WHAT THE TASK ASKS:
The pictures in the listing below are to be skipped, while the lines between the line holding "Legyenek biztonságban a vízben is!" and the line holding "39 Foundry Way, Rayne, Braintree, CM77 6AE", inclusive, are to be output exactly.

GIVEN INFORMATION:

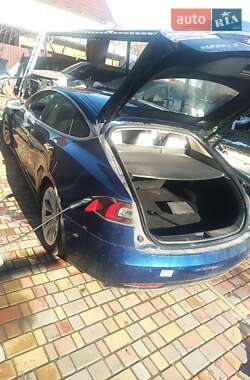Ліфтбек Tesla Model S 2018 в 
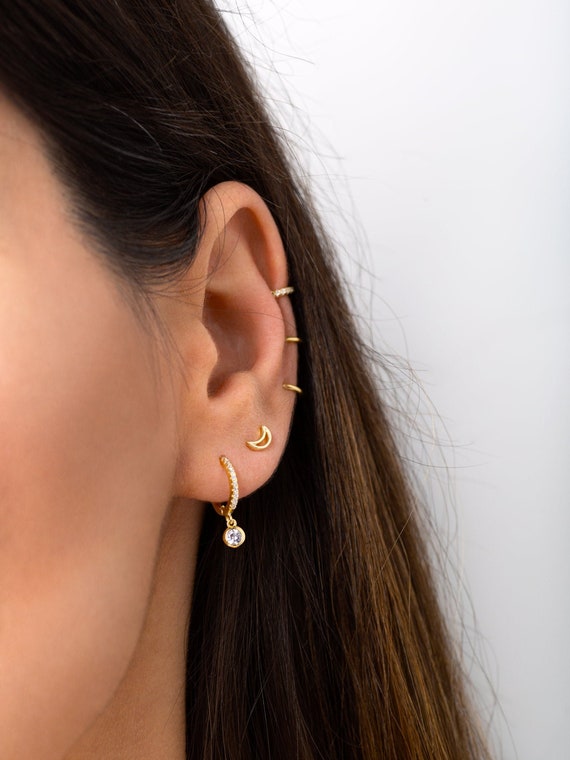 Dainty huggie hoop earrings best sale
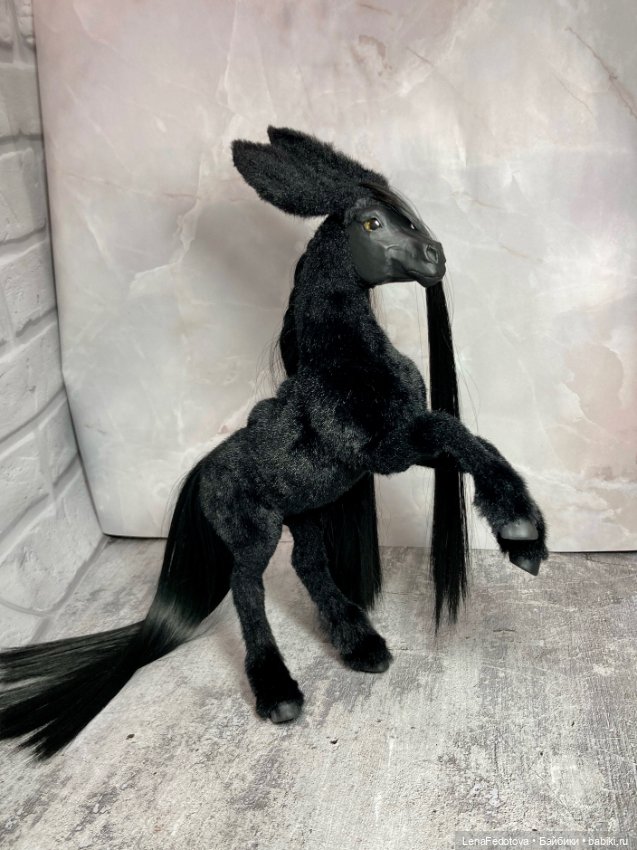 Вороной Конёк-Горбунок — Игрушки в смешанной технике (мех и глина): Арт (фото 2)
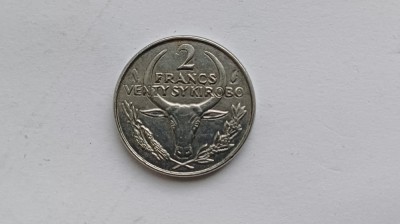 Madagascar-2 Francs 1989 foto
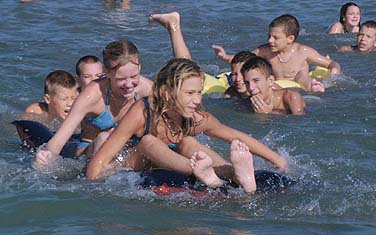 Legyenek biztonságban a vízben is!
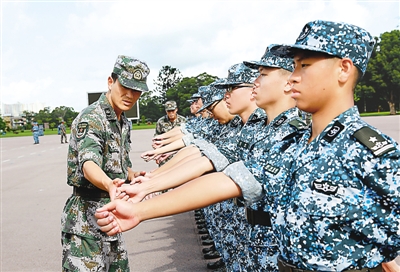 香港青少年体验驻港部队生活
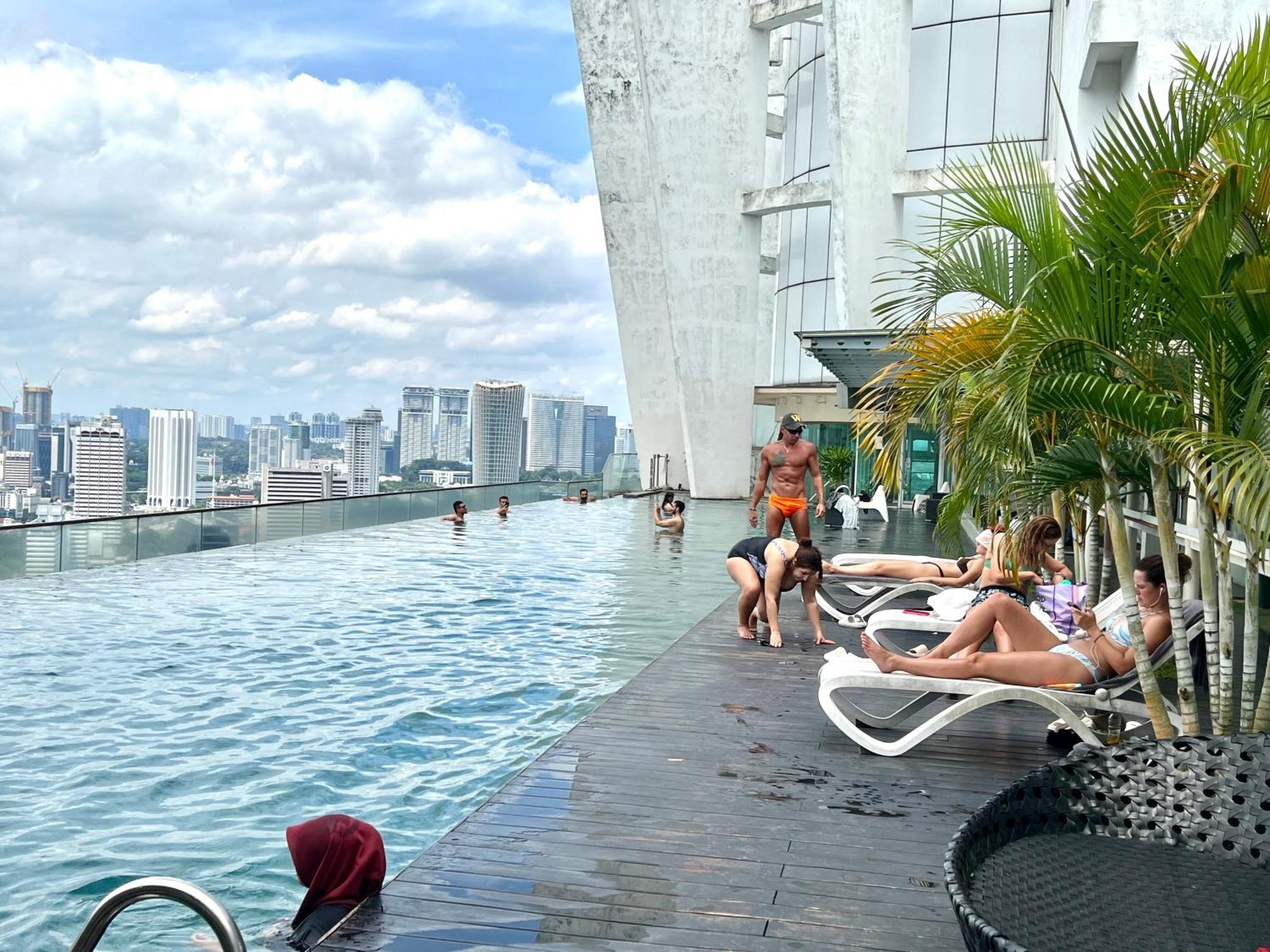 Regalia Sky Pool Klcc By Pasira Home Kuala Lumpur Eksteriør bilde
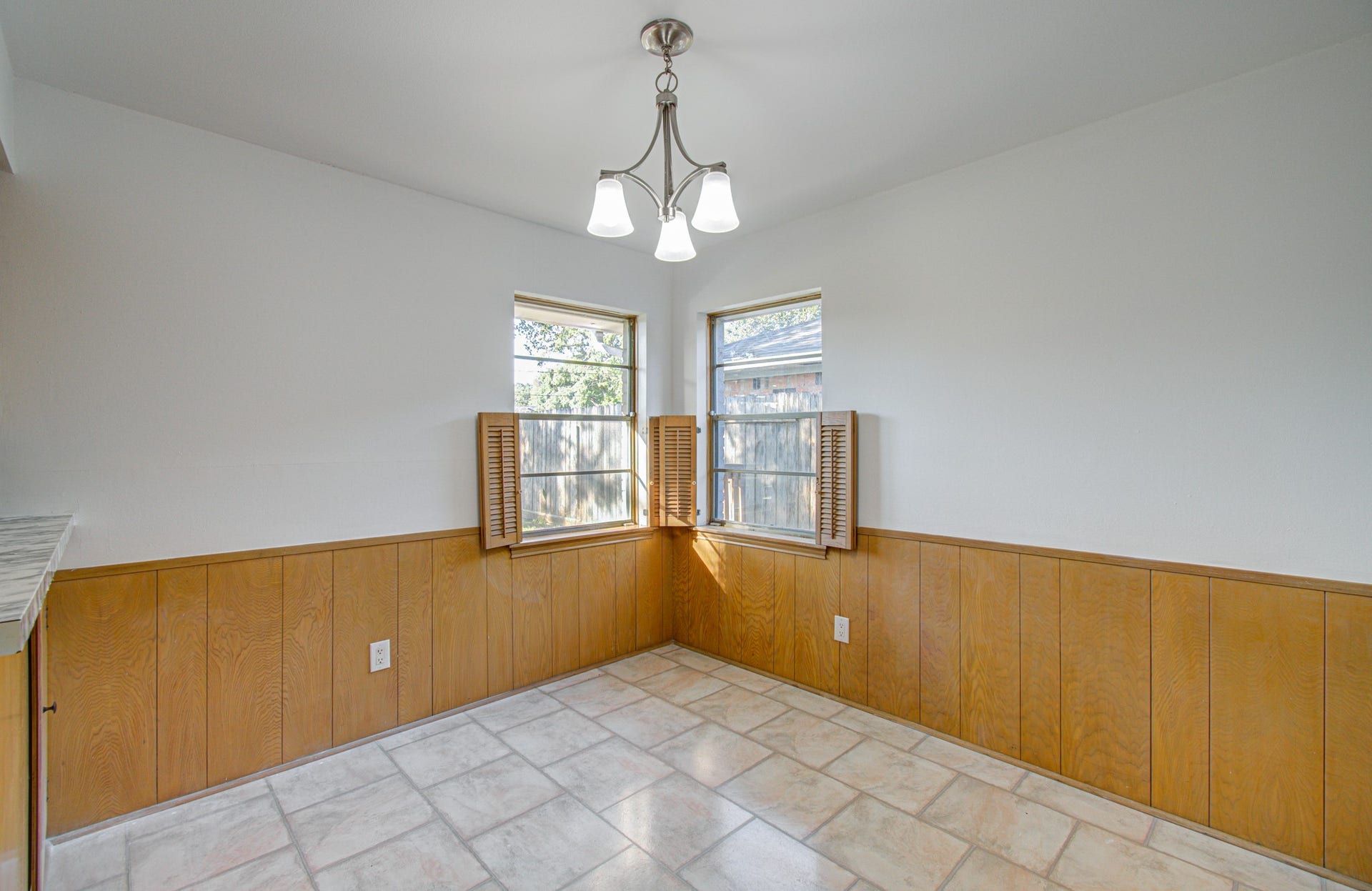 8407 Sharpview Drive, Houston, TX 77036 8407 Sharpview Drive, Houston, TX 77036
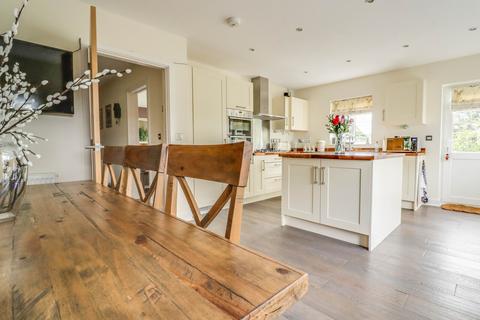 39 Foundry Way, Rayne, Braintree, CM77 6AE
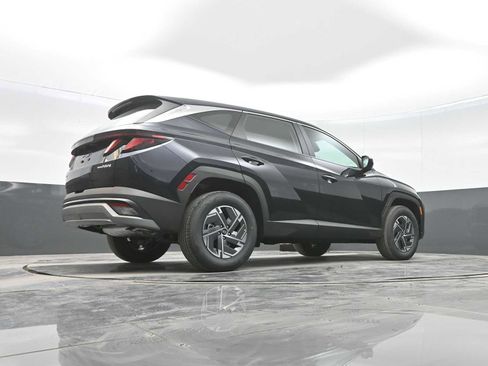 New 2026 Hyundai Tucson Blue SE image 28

ANSWER:
 Legyenek biztonságban a vízben is!
 香港青少年体验驻港部队生活
 Regalia Sky Pool Klcc By Pasira Home Kuala Lumpur Eksteriør bilde
 8407 Sharpview Drive, Houston, TX 77036 8407 Sharpview Drive, Houston, TX 77036
 39 Foundry Way, Rayne, Braintree, CM77 6AE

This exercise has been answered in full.